» **What you will do**
Lines from the one containing "Mavelous Polyester/Spandex Wedding Garter" to the end of the records, both ends included and exactly as written, are the whole answer, and no pictures go in it.

» **Exercise inputs**
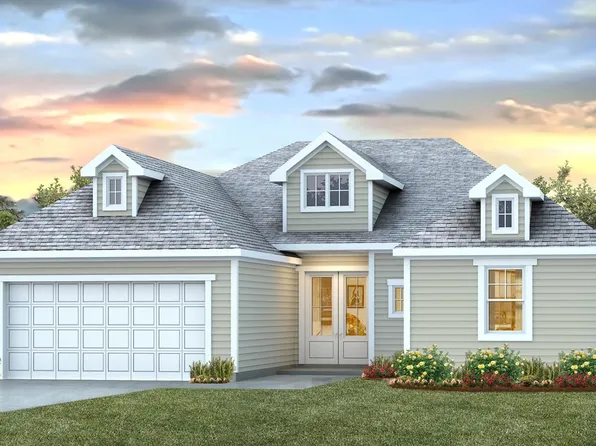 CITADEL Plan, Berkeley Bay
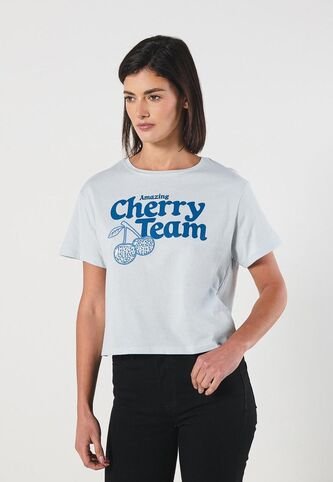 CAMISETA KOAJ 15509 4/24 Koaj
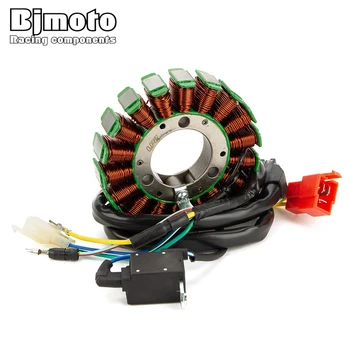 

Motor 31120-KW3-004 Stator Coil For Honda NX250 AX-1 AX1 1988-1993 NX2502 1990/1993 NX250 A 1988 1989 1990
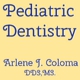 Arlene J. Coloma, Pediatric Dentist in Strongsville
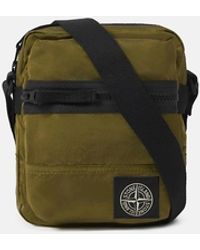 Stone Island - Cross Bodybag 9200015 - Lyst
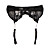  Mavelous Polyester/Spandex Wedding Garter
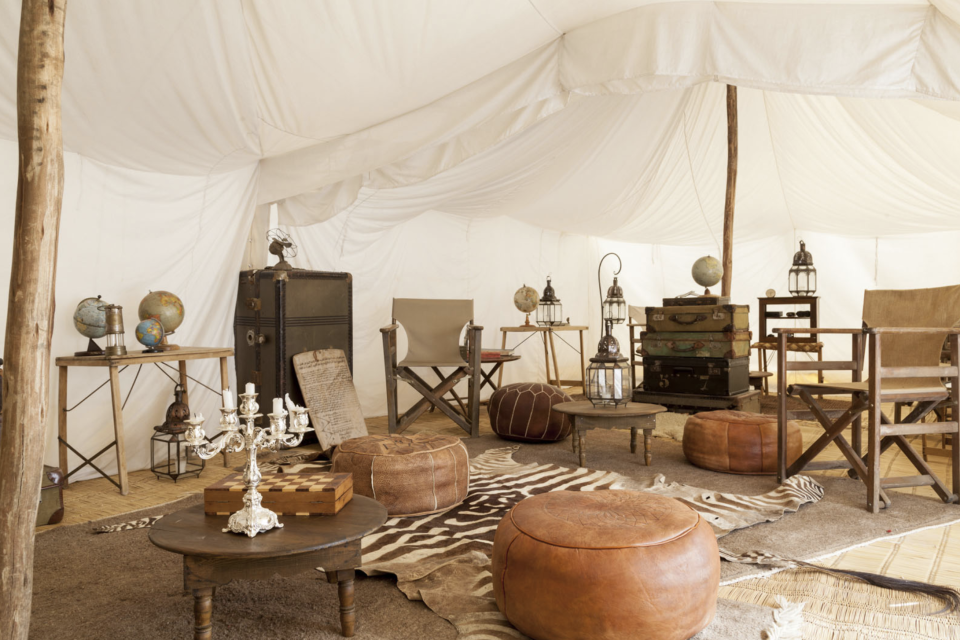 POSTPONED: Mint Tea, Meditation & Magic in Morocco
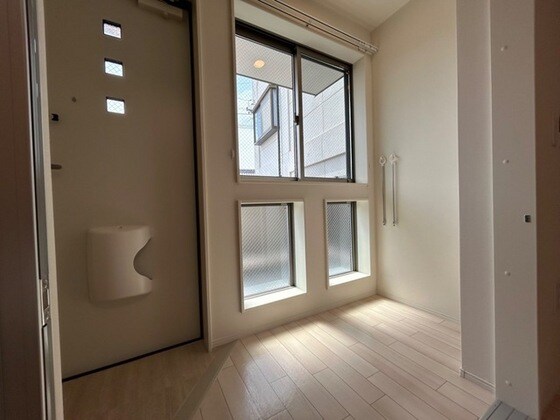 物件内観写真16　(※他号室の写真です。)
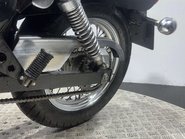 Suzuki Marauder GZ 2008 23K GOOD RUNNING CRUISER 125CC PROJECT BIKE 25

» **Answer to the problem**
  Mavelous Polyester/Spandex Wedding Garter
 POSTPONED: Mint Tea, Meditation & Magic in Morocco
 物件内観写真16　(※他号室の写真です。)
 Suzuki Marauder GZ 2008 23K GOOD RUNNING CRUISER 125CC PROJECT BIKE 25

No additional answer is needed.